\documentclass[11pt]{article}
\usepackage[mtbold]{mathtime}
\usepackage{graphics}
\input{page}

\newcommand{\defn}[1]{\textbf{\textit{#1}}}
\newcommand{\subheading}[1]{\subsubsection*{#1}}

\begin{document}

\title{Intermediate-Level Issues in \LaTeX2e}
\author{}
\date{}

\maketitle

\listoffigures

\subheading{Defining commands}

Section 3.4.1 of Lamport spends a lot of space on dealing with curly
braces in macro definitions.  Luckily, that is rarely an issue in
practice.

I usually use \verb`\newcommand` to define a macro.  If it already
exists, and you want to redefine it, use \verb`\renewcommand`.  If
there are parameters, you specify how many by a
square-bracket-enclosed argument.  Then come a pair of curly braces
with the body of the macro definition.  The arguments are indicated by
\verb`#1`, \verb`#2`, etc.

I won't say much else about defining macros, except that the ifthen
package, documented by Lamport in Section~C.8.5 is great on paper, but
it just doesn't work for me.  I end up using the raw \TeX{} commands
for conditional compilation.  I'm not going to go into them here, but
feel free to ask about them.

\subheading{Defining environments and theorem-like environments}

Sections 3.4.2 and~3.4.3 of Lamport are pretty straightforward.

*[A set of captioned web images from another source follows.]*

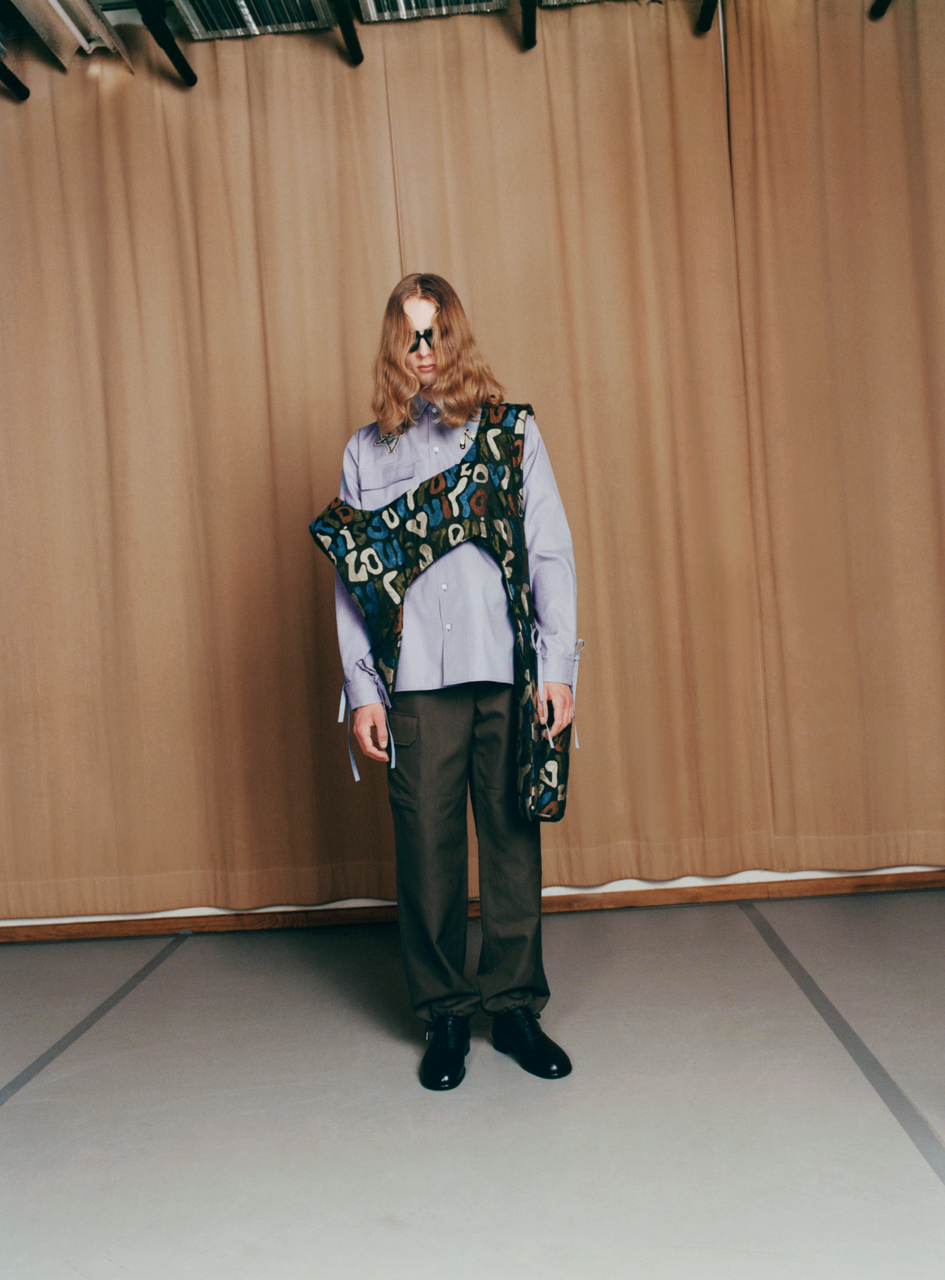 Louis-Vuitton-Pre-Spring-2023-Collection-25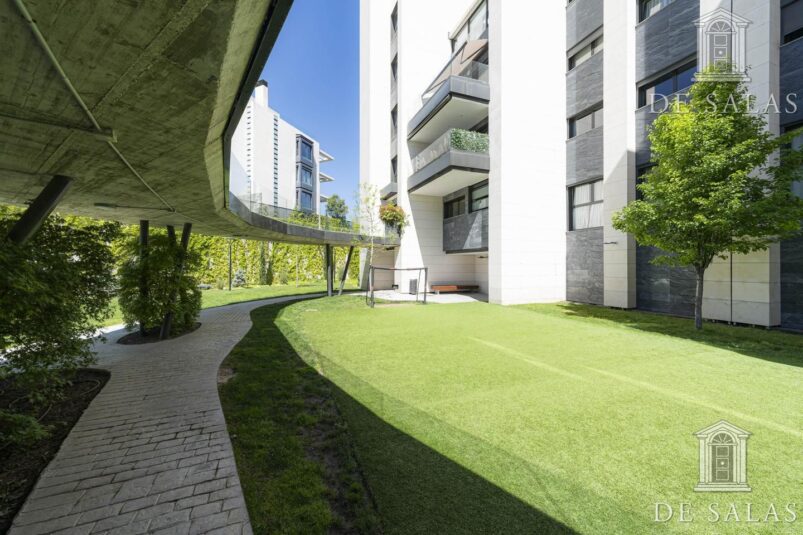 Impecable bajo con jardín privado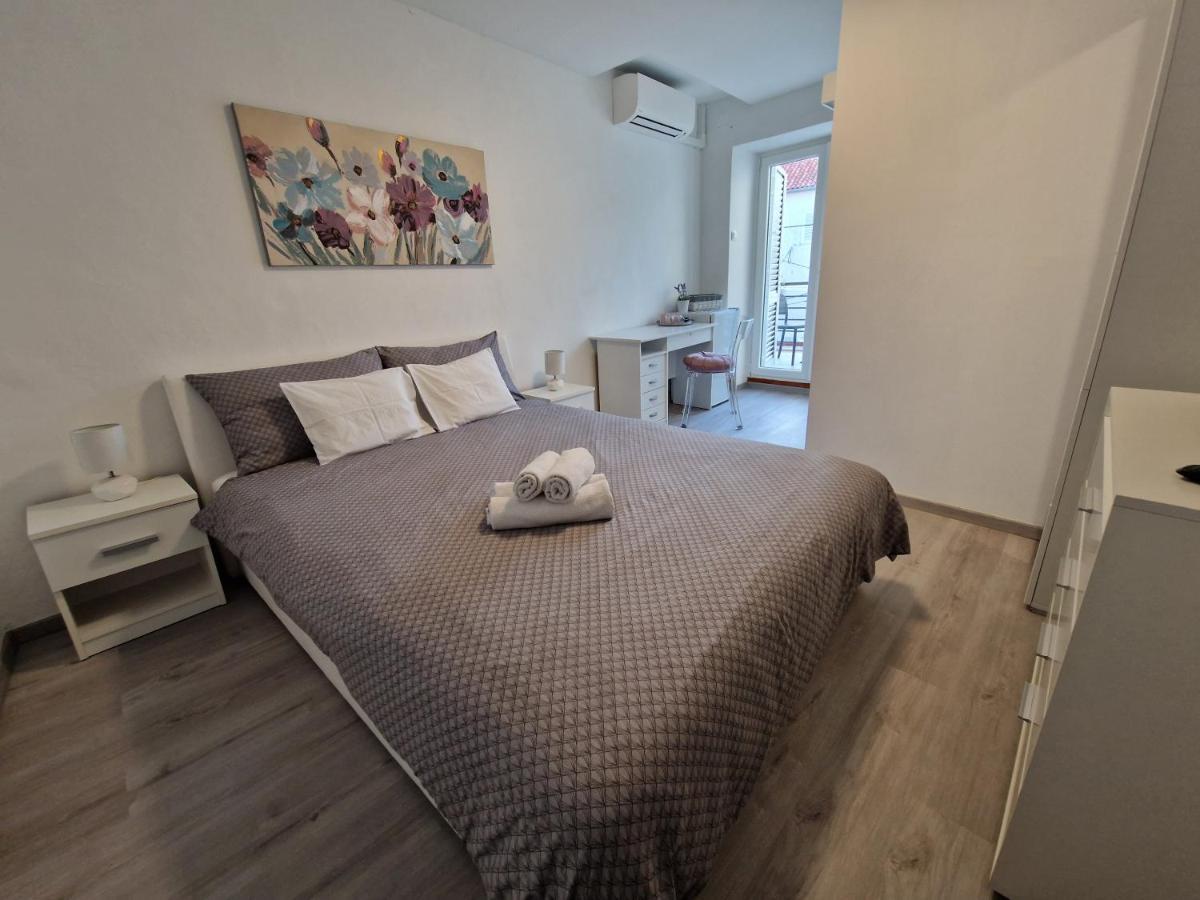 Apartment And Room Marija 크르크 외부 사진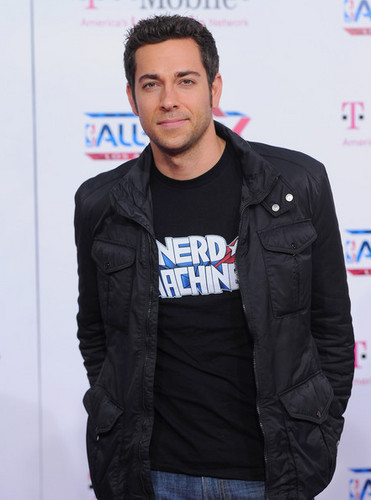  Zachary Levi Arriving @ the 2011 NBA All-Star Game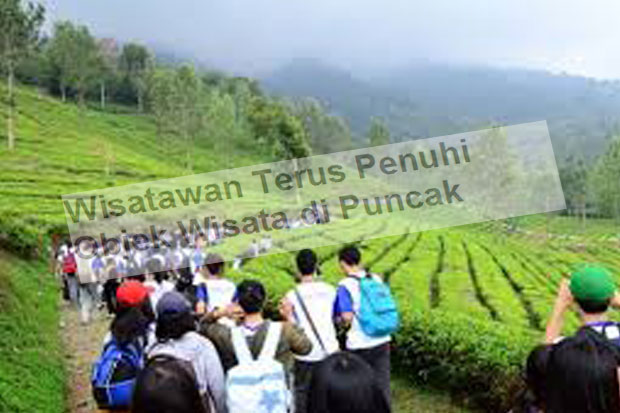 Wisatawan Terus Penuhi...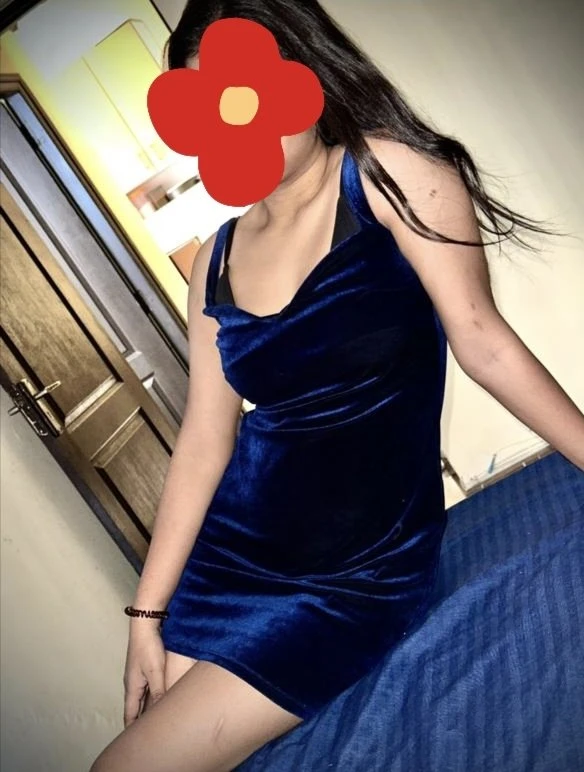 I Am Riya 21 Years Alone Girl – Indian escort in New Delhi — 6 / 8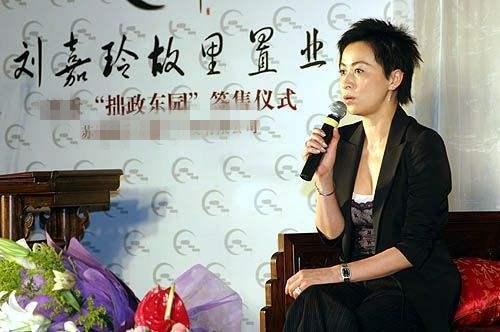 刘嘉玲晒苏州园林拍的写真，网友却曝内幕，她早卖了苏州亿万豪宅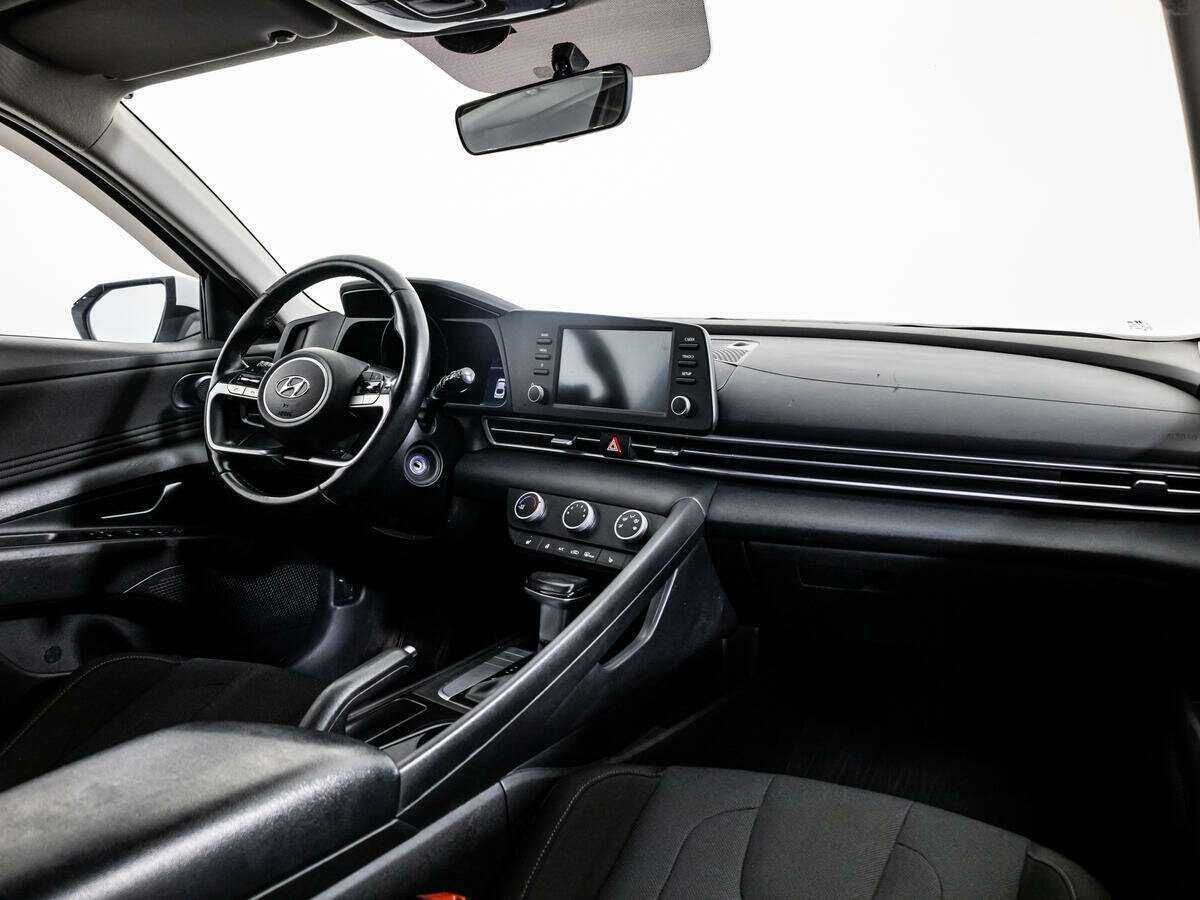 Хендай Елантра б/у, 2020, Автоматическая. Фото: #6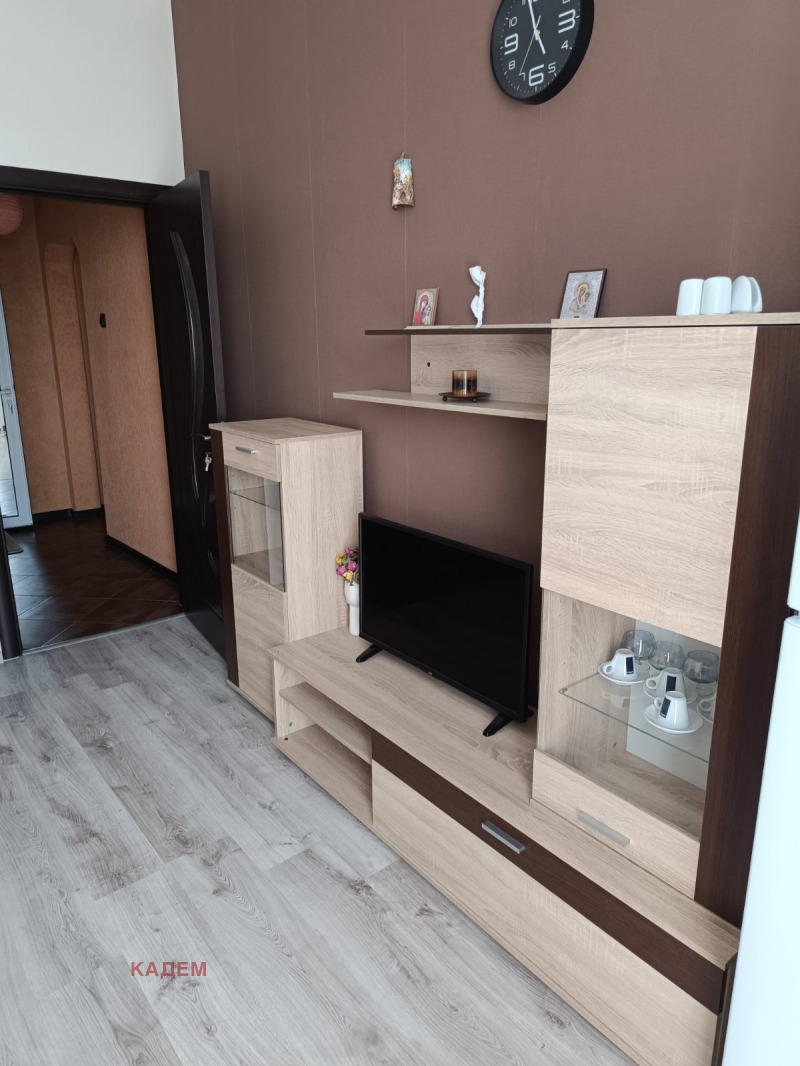 Дава под наем  2-стаен град Перник , Мошино , 63 кв.м | 57908713 - изображение [13]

One question that often comes up is whether to draw numbers for
theorems, lemmas, corollaries from one big pool or instead number
theorems separately from everything else, lemmas separately from
everything else, etc.  In other words, should a paper have
\begin{itemize}

\item Lemma~1, Lemma~2, Theorem~3, Corollary~4, Lemma~5, \ldots, or

\item Lemma~1, Lemma~2, Theorem~1, Corollary~1, Lemma~3, \ldots ?

\end{itemize}

Although you can make a decent argument for either way, I favor the
one-big-pool approach (i.e., the first way above).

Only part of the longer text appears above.